A few things to highlight:

instances: 2 — one primary, one replica. For a home lab this gives me high availability without going overboard.
storageClass: longhorn-single-replica — using our single-replica class so we don't double up on replication.
replicationSlots.highAvailability.enabled: true — ensures the replica stays in sync even if it temporarily falls behind.
bootstrap.initdb — creates the database and user on first boot, using credentials from a Kubernetes Secret.

Commit this to the Flux repo and within a few minutes you have a running PostgreSQL cluster with streaming replication.
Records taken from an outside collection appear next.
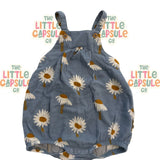 Wilson & Frenchy Floral Playsuit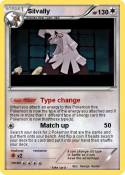 Silvally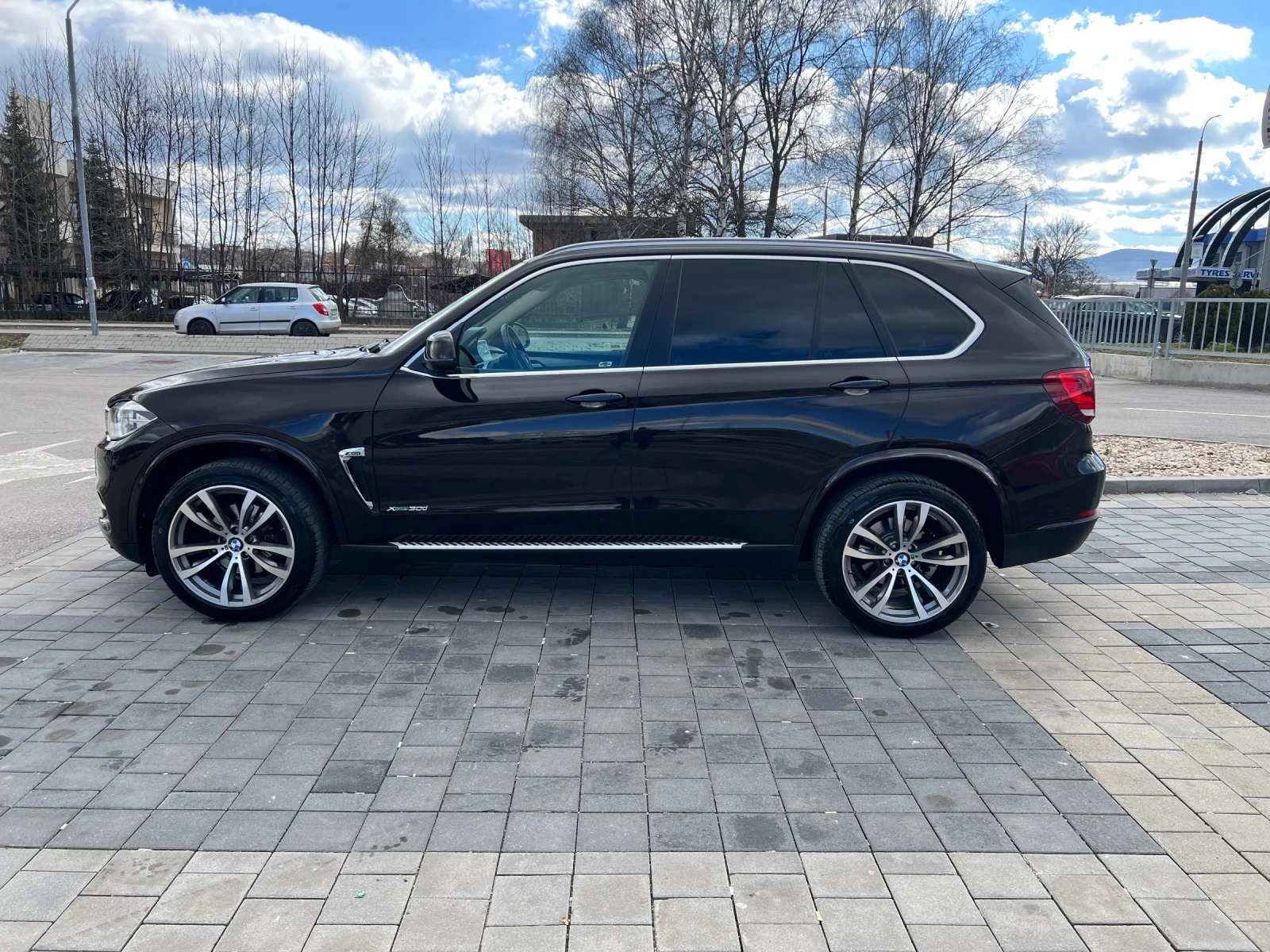 BMW X5 3.0D/258к.с.ПЕРФЕКТНА ОБСЛУЖЕНА , снимка 5 - Автомобили и джипове - 53456856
#Connection Pooling with PgBouncer

CloudNativePG also supports connection pooling through PgBouncer, which is great for web applications that might open a lot of short-lived database connections:

apiVersion: postgresql.cnpg.io/v1
kind: Pooler
metadata:
  name: nocodb-postgres-pooler
  namespace: nocodb
spec:
  cluster:
    name: nocodb-postgres
  type: rw
  instances: 2
  monitoring:
    enablePodMonitor: true
  pgbouncer:
    poolMode: session
    parameters:
      default_pool_size: "20"
      max_client_conn: "100"

Your app connects to the pooler service instead of directly to PostgreSQL, and PgBouncer handles connection multiplexing.

#Monitoring

Since I have Prometheus and Grafana set up on the cluster, CloudNativePG integrates nicely with both via the enablePodMonitor: true and enableServiceMonitor: true settings. This gives me dashboards showing replication lag, connection counts, query throughput, and storage usage — which is how I discovered the 9x replication issue in the first place.

#Current State

I now have about 9 PostgreSQL databases running via CloudNativePG across various apps — NocoDB, Postiz, n8n, Coder, and a few of my own projects. All using longhorn-single-replica for storage. The operator handles failover, and Flux handles deployment. It's been rock solid.

#Wrapping Up the Series

This was the last major piece of infrastructure for my home lab cluster. Looking back at the whole journey — from unboxing HP EliteDesk minis to running production databases on Kubernetes — it's been a fantastic learning experience. The cluster is now running real applications, accessible from the internet through Cloudflare Tunnel, with GitOps managing the entire state.

Was it overkill? Absolutely. Was it worth it? Also absolutely.